In a filing this week in federal court, Audible has agreed not to include the copyrighted works of seven plaintiff publishers in its “Captions” program without express permission. The draft order comes nearly three weeks after Judge Valerie Caproni, on January 14, dismissed the contentious, months-long copyright infringement lawsuit between publishers and the Amazon-owned audiobook provider, after being informed by the parties that they’d reached a settlement.

… Audible sources confirmed to PW that the company currently has no plan to move forward with the Captions program beyond its limited pilot with public domain works for students. Further, Audible officials said the company has in fact decided not to include any copyrighted works in the Captions program without securing permission, regardless of whether or not the parties are AAP members—though the company was careful to stress that they’ve not formalized that decision with any party outside of this litigation.

First filed in August of 2019 by seven publishers (including all of the Big Five, Scholastic, and Chronicle Books), the suit claims that Audible’s proposed Captions program, which scrolls a few words of an AI-generated transcription alongside an audiobook’s narration in the Audible app, amounts to blatant copyright infringement.

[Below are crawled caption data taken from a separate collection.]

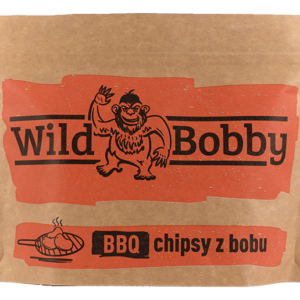 Chipsy z bobu BBQ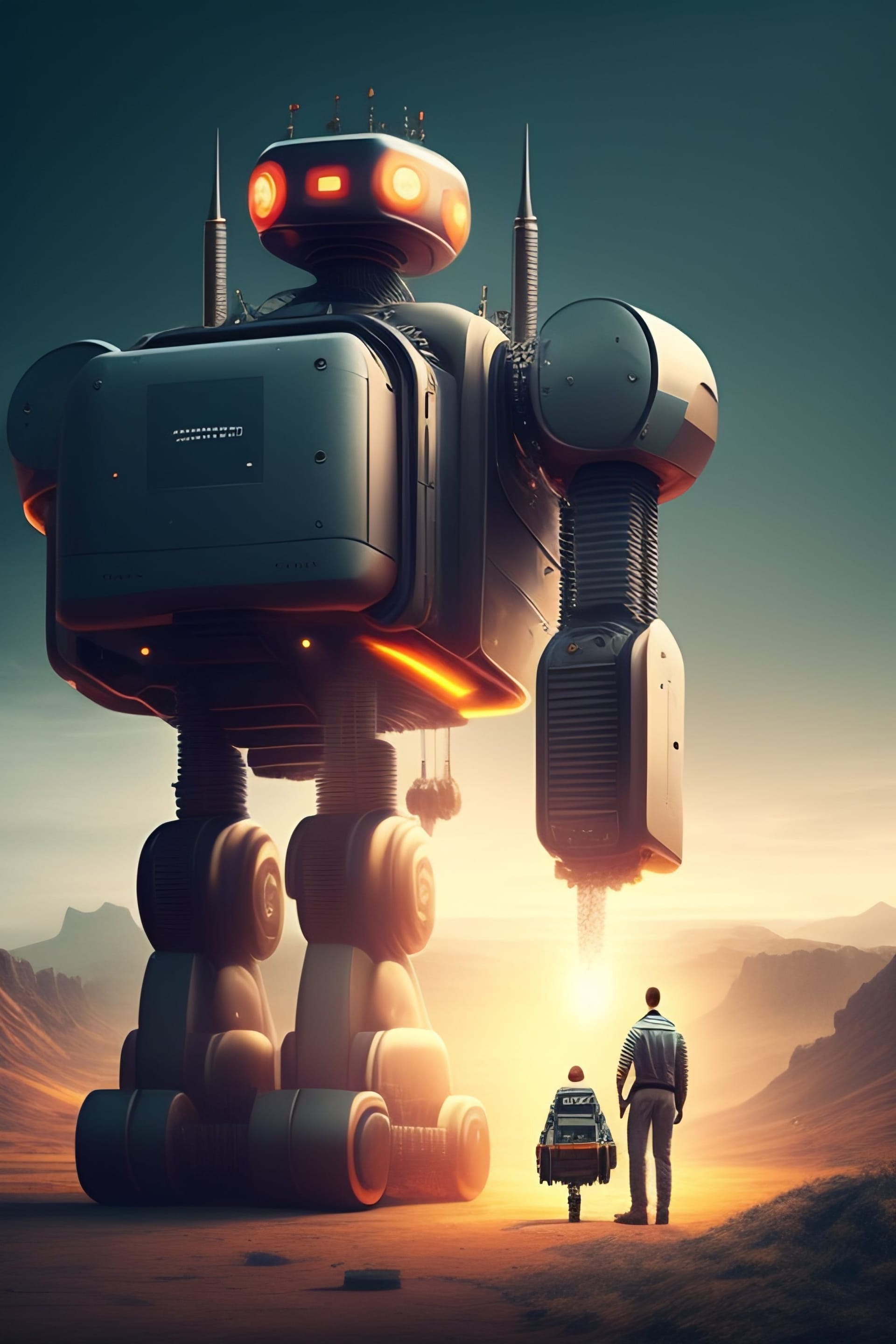 Taming the Titans: How Humans Forge Intelligent Machines?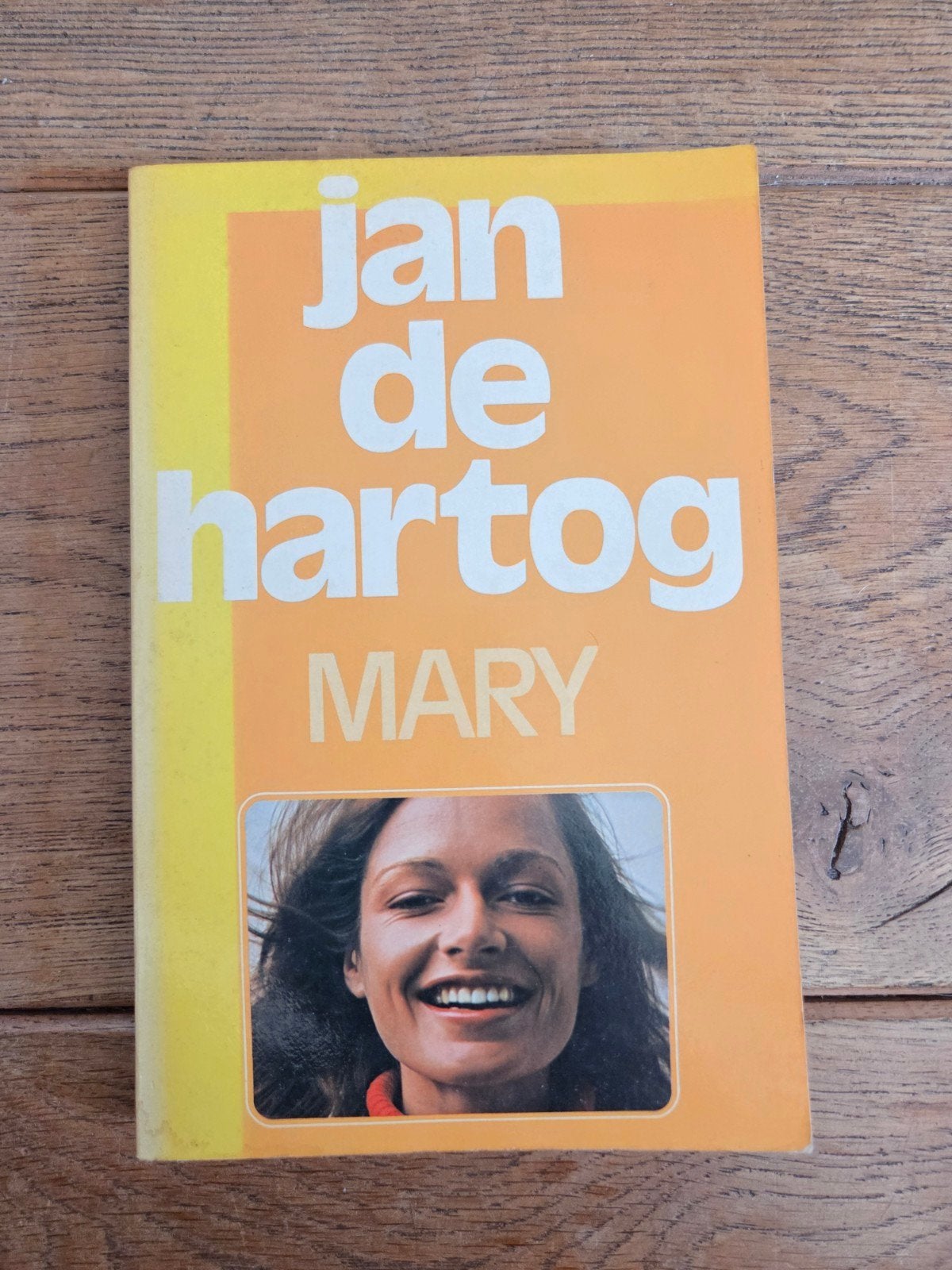 Jan de Hartog - Mary, Ophalen of Verzenden, Gelezen, Jan de Hartog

(4) SFWA READINGS. There will be two chances to hear Jasmine Gower, Corry L. Lee, and Carolyn O’Doherty read from their work when the Pacific Northwest’s SFWA Reading series visits Seattle and Portland in April. Full details at the links.

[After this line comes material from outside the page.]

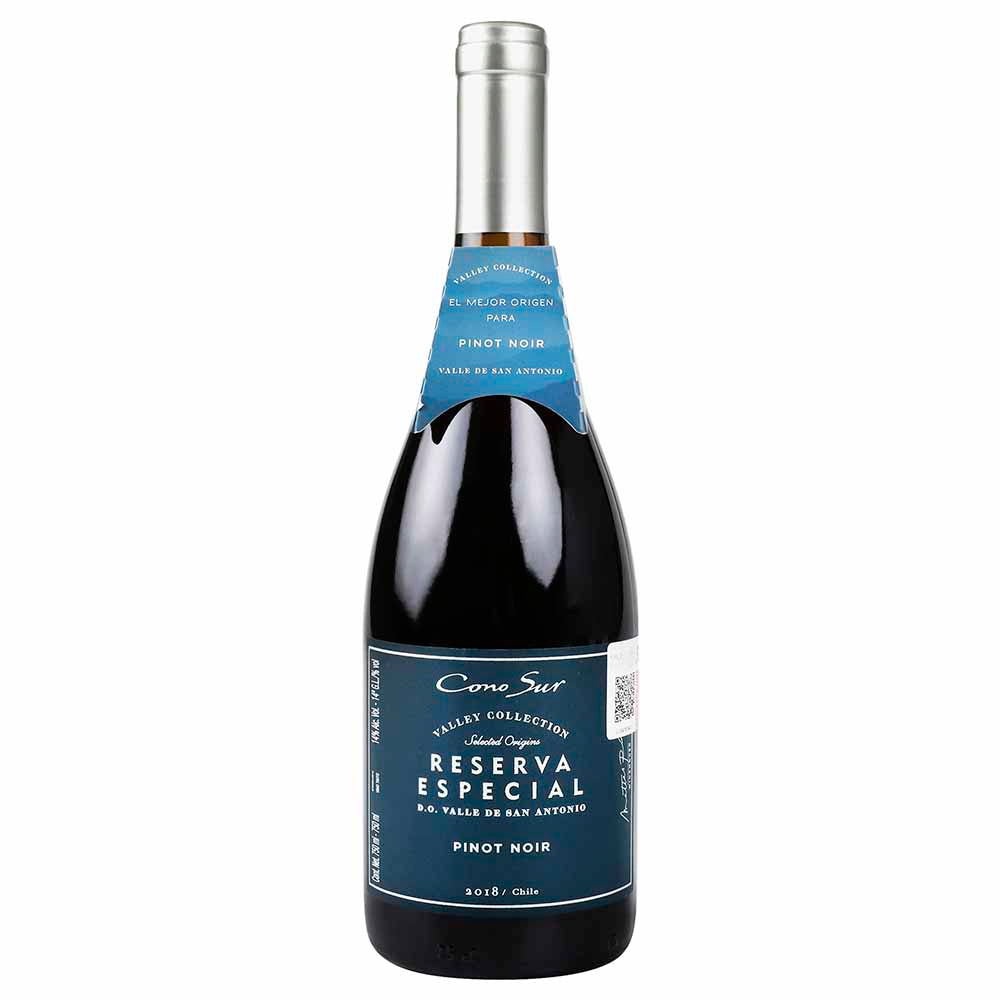 Vino Tinto - Cono Sur Reserva Esp.Pinot Noir  750ml - Chile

The Pacific Northwest is home to a Tardis-Full of Science Fiction and Fantasy writers, a fact celebrated every quarter with the Pacific Northwest Reading Series. These free quarterly events provide the Northwest Science Fiction and Fantasy community a chance to gather, network and enjoy readings from local and visiting authors in Portland and Seattle.

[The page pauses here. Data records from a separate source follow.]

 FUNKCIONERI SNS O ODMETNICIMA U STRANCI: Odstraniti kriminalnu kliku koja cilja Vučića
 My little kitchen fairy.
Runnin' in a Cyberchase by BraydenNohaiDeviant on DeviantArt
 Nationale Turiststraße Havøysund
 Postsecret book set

(5) PRESSED DOWN AND OVERFLOWING. In The Full Lid – 7th February 2020, Alasdair Stuart dives into Starfleet’s long dark night of the soul on Picard in “Admiral Clancy Regrets.” He takes a look at the first part of Big Finish’s relaunch of Adam Adamant and he talks PodUK and The Tundra Project. He also signal boosts colleague Jason Pitre’s new RPG Palanquin, season 3 of the new radio adventures of Dan Dare and Sandra Odell’s Oddfellow Creations

Adam Adamant Lives! Again!

Regular readers of The Lid will know my fondness for audio drama in all it’s forms and TV drama in all its oddest forms. It’s a surprise then to admit this is my first exposure to legendarily odd short-run series Adam Adamant. However, this is by far the best possible introduction to the show.

Written by Guy Adams, it’s a whip-smart, fiercely clever and deeply kind modification of the original idea. Adam is an Edwardian adventurer, who finds himself in ’60s London. Confused and traumatized, he falls under the care of Georgina Jones, a doctor and private detective. Played with clenched teeth aplomb and Paul Darrow’ian elegance by Blake Ritson, Adam is a surprisingly convivial, and on occasion cheerfully violent man. He lived to protect the country in the past and does so again now. Just… on more of a level playing field than he ever thought…

(6) THE WILD WILD CHILD. Stoney Emshwiller told Facebook readers about a childhood experience inspired by trying to imitate Robert Conrad.

I was a big fan of The Wild Wild West as a kid and thought it was super cool James West had a fancy rig which would launch a derringer from his sleeve into his hand. So at about 11-ish years old, I went up into my dad’s well-stocked attic workshop and crafted one for myself.

Not having a derringer, I used the only “weapon” around, which was an X-Acto knife. The final result was impressive, involving an elastic band, a trigger device, a holder for the X-Acto knife, and a rail-like track for it to slide along which I’d carefully fashioned of sheet metal. It worked like a charm: when I straightened my arm, the blade would shoot from my sleeve into my hand.

Worked great until the second try, when I forgot to bend back my wrist. The blade rocketed out and imbedded itself into the palm of my hand.

I still have the scar today. Oops.

(7) BEAN OBIT. Actor Orson Bean died February 7 when struck and killed by a car and fell, only to be hit by a second car. He was 91.  SYFY Wire  says fans will remember him as the voice of two Hobbits —  he voiced both Bilbo and Frodo Baggins in the Rankin/Bass animated TV films The Hobbit and The Return of the King in the late 1970s. The complete soundtrack of the former is available on YouTube.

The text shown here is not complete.